Understanding WLE vs EAP Reliability

An important validation finding: TAM’s EAP reliability is systematically higher than WLE reliability. This is not a bug but reflects different mathematical definitions:

Metric	Definition	Typical Pattern
WLE	Design-effect based: $1 - \bar{s}^2 / V_{WLE}$	Conservative (lower bound)
EAP	Posterior variance based: $V_{EAP} / (V_{EAP} + \bar{\sigma}^2)$	Liberal (upper bound)

Practical interpretation:

WLE reliability ≈ lower bound for true measurement precision
EAP reliability ≈ upper bound for true measurement precision
EQC’s theoretical reliability falls between these bounds

Handling Boundary Cases

Target Too High

When the target reliability exceeds what’s achievable with the given configuration:

# Try to achieve very high reliability with few items
eqc_high <- eqc_calibrate(
  target_rho = 0.95,
  n_items = 15,
  model = "rasch",
  c_bounds = c(0.3, 3),
  seed = 42
)
#> Warning in eqc_calibrate(target_rho = 0.95, n_items = 15, model = "rasch", : Target rho* = 0.950 exceeds the maximum achievable reliability for this configuration.
#>   - Items: 15
#>   - At c = 3.00 (upper bound): rho = 0.7054
#>   - Gap: 0.2446
#> 
#> Suggestions:
#>   1. Use reliability_metric = 'info' (typically yields higher values)
#>   2. Increase c_bounds[2] beyond 3.0
#>   3. Increase n_items for higher achievable reliability
#>   4. Accept achieved rho = 0.7054 as maximum for this design
#> 
#> Returning c_star = 3.00 (upper bound).

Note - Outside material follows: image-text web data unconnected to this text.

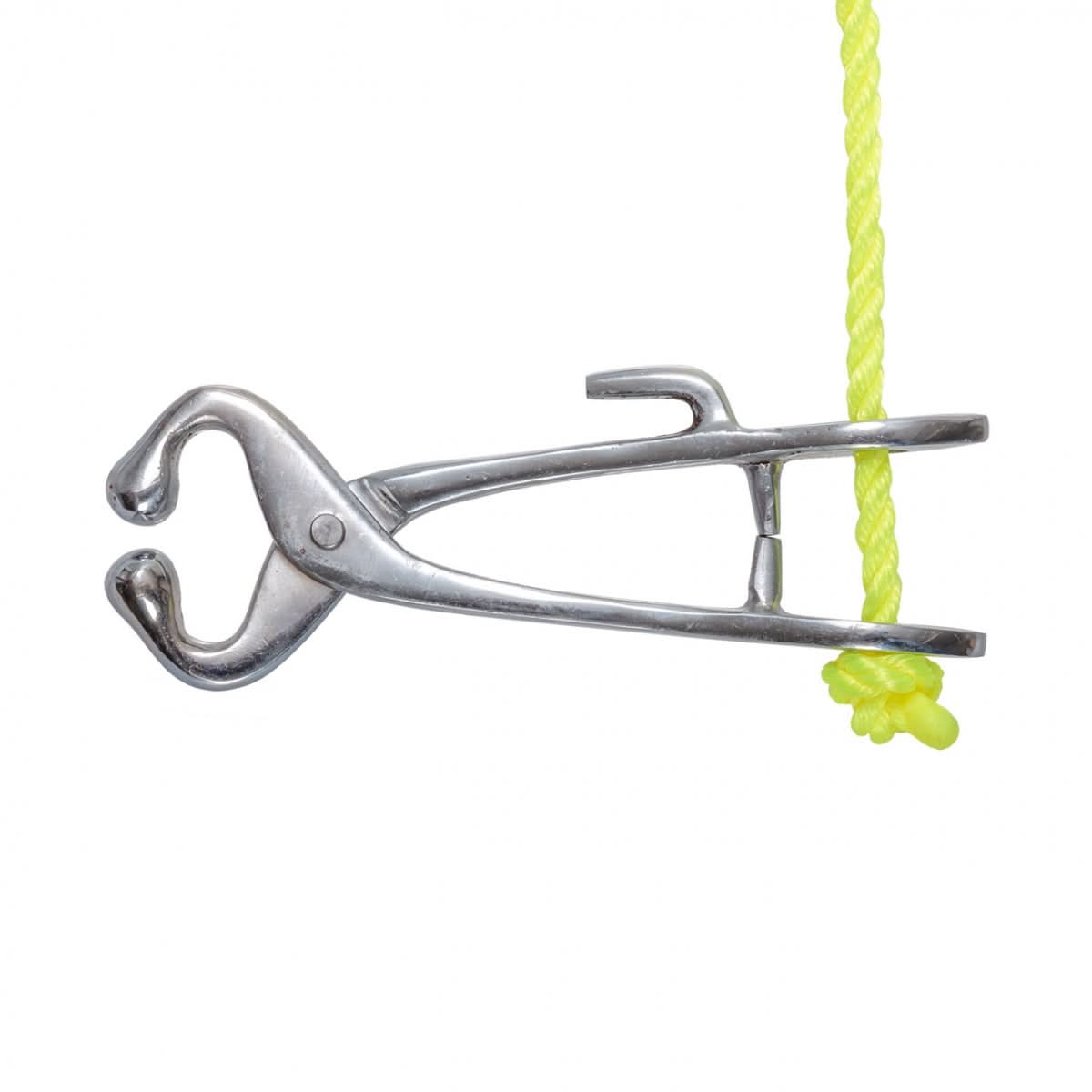 Mucarnita cu funie pentru bovine, otel nichelat, 1,7 m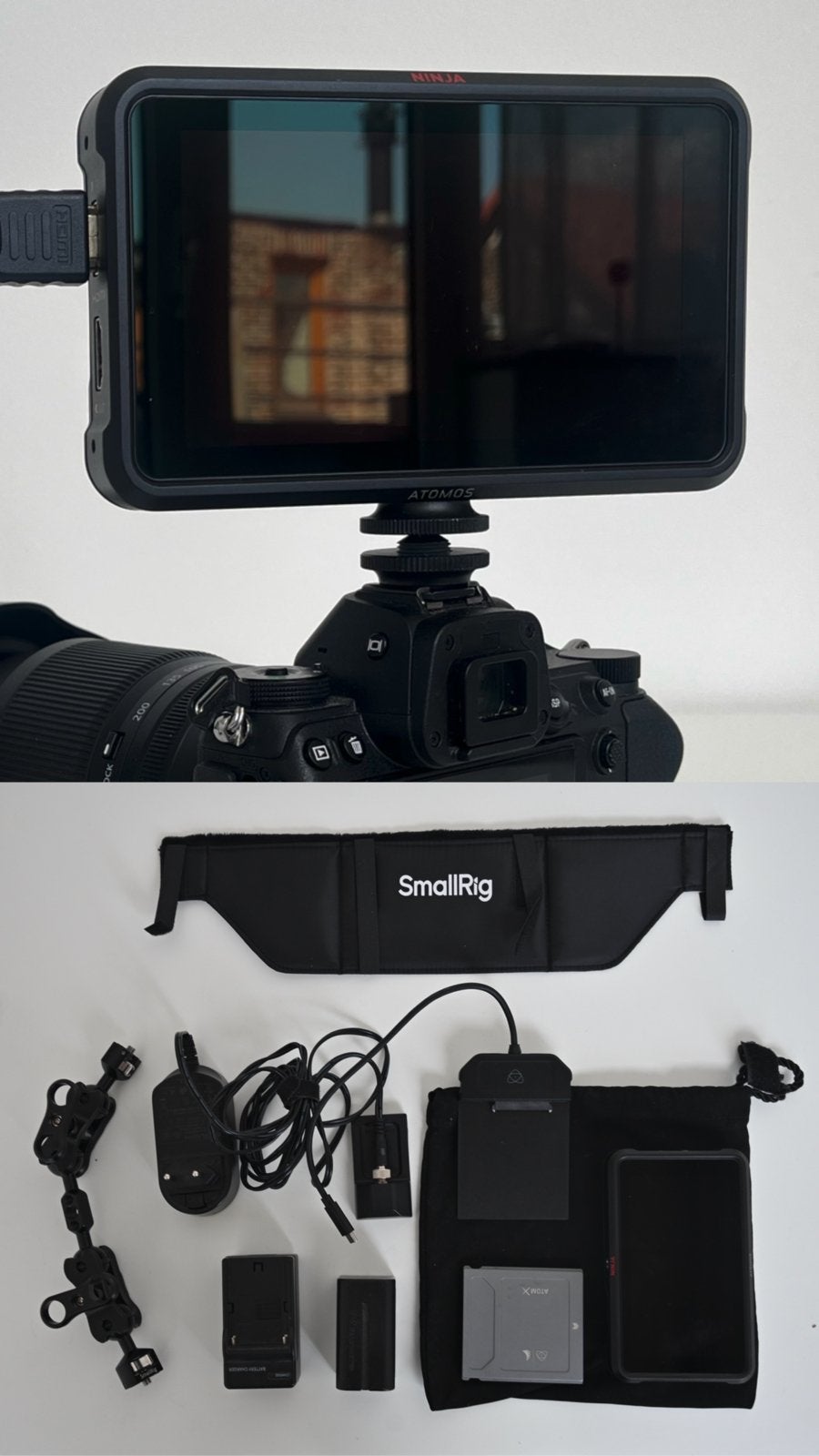 Atomos Ninja V Complete Monitor Set + Magic Arm | Als nieuw, Overige merken, HDMI, Touchscreen, IPS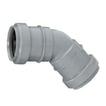 Wafix plus pp bøjning 45° x 32 mm grå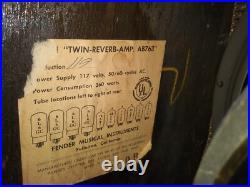 Fender Twin Reverb Amplifier, 67 (not a reissue) with Footswitch and Celestions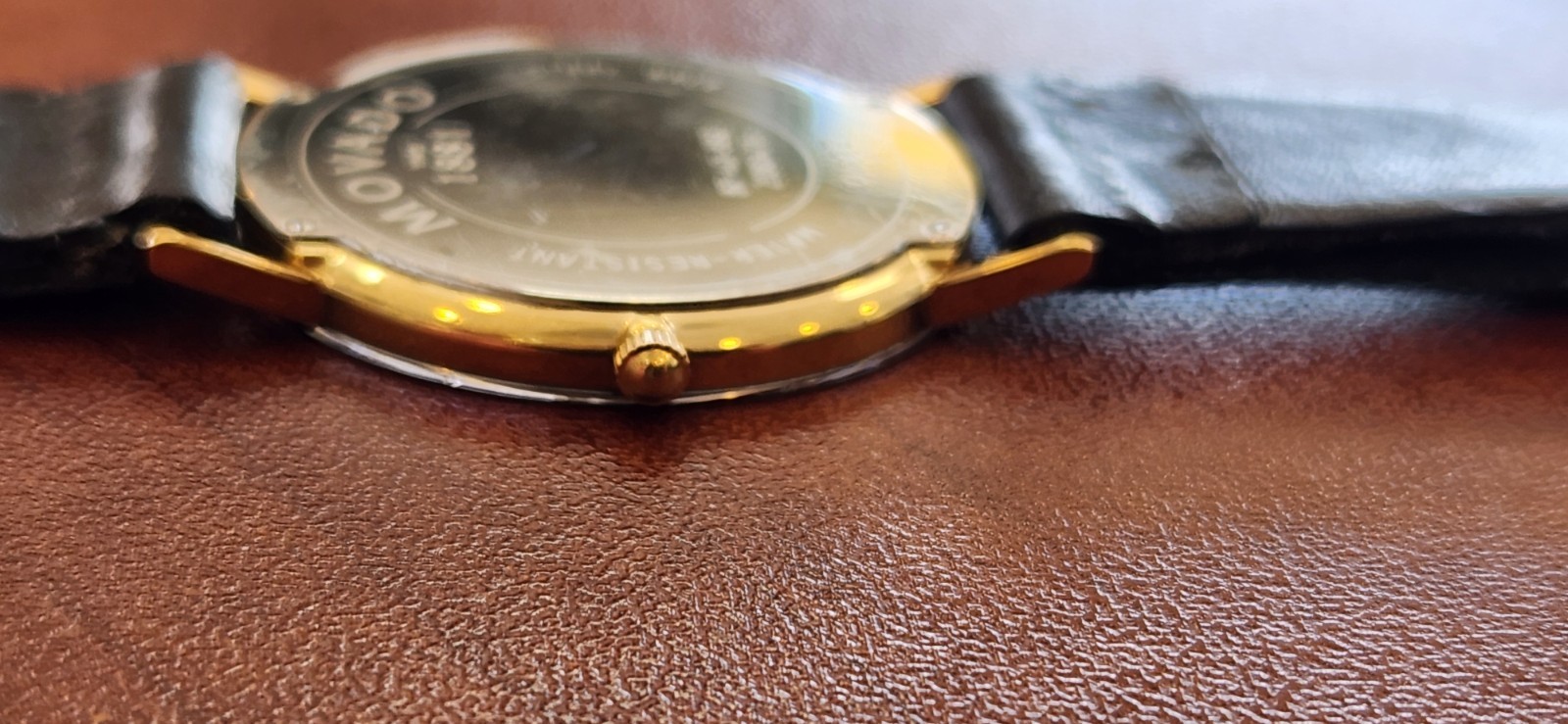 Movado Museum 87-40-882 Ultra Slim 30.5 mm Black Steel/PVD Quartz Wrist Watch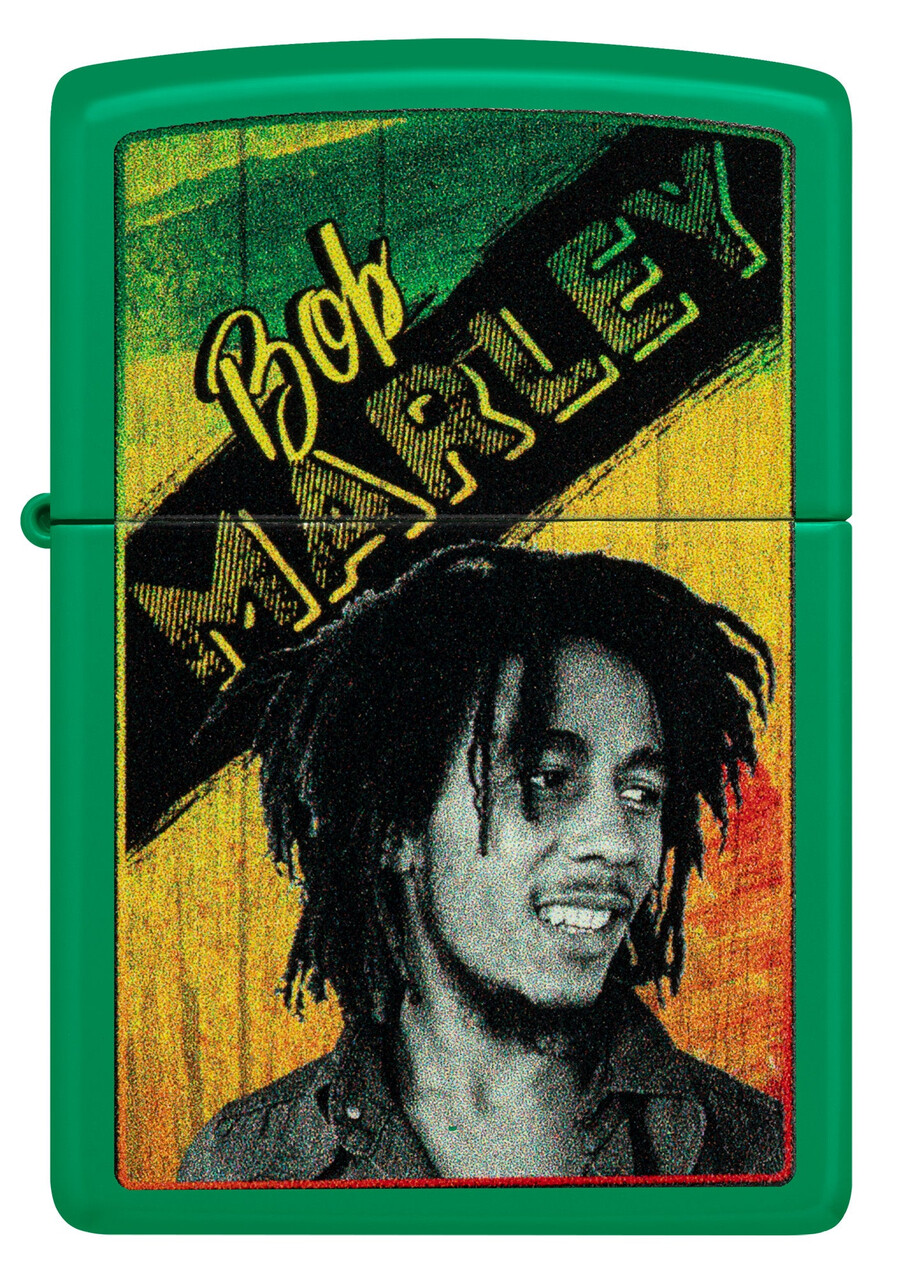diseño verde hierba de bob marley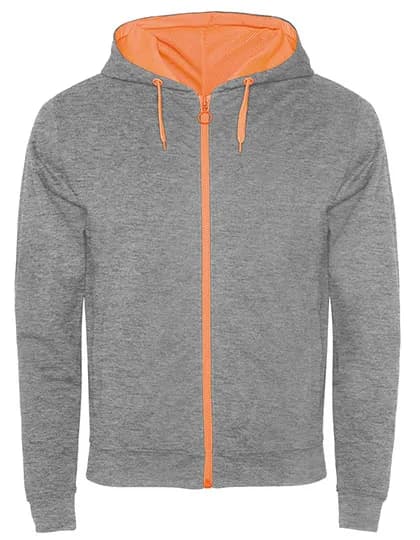 Fuji Sweat-Jacket - Heather Grey 58/Fluor Orange 223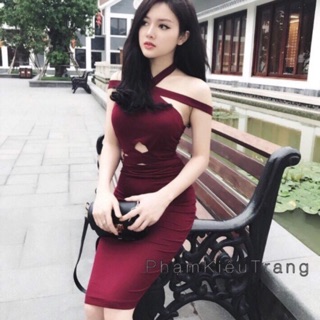 Váy body kim tuyến 4 dây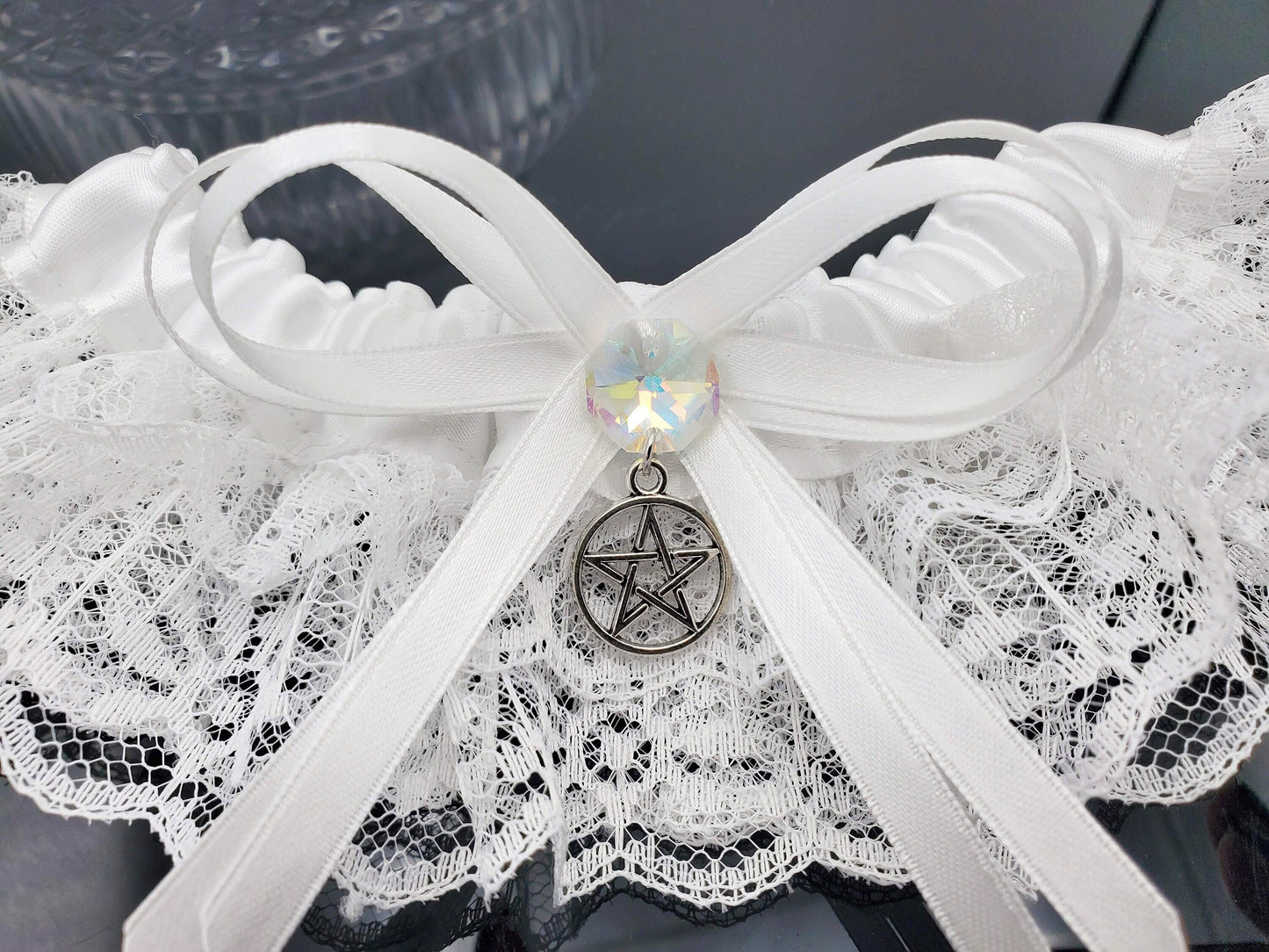 Handfasting Pentacle Garter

The function returns c_star = c_bounds[2] (upper bound) with a warning.

Solutions:

Use reliability_metric = "info" (yields higher values)
Increase c_bounds[2]
Increase n_items
Accept the achievable maximum

Target Too Low

When the target is below the minimum achievable:

# Very low target with high discrimination items
eqc_low <- eqc_calibrate(
  target_rho = 0.30,
  n_items = 50,
  model = "2pl",
  c_bounds = c(0.3, 3),
  seed = 42
)

The function returns c_star = c_bounds[1] (lower bound) with a warning.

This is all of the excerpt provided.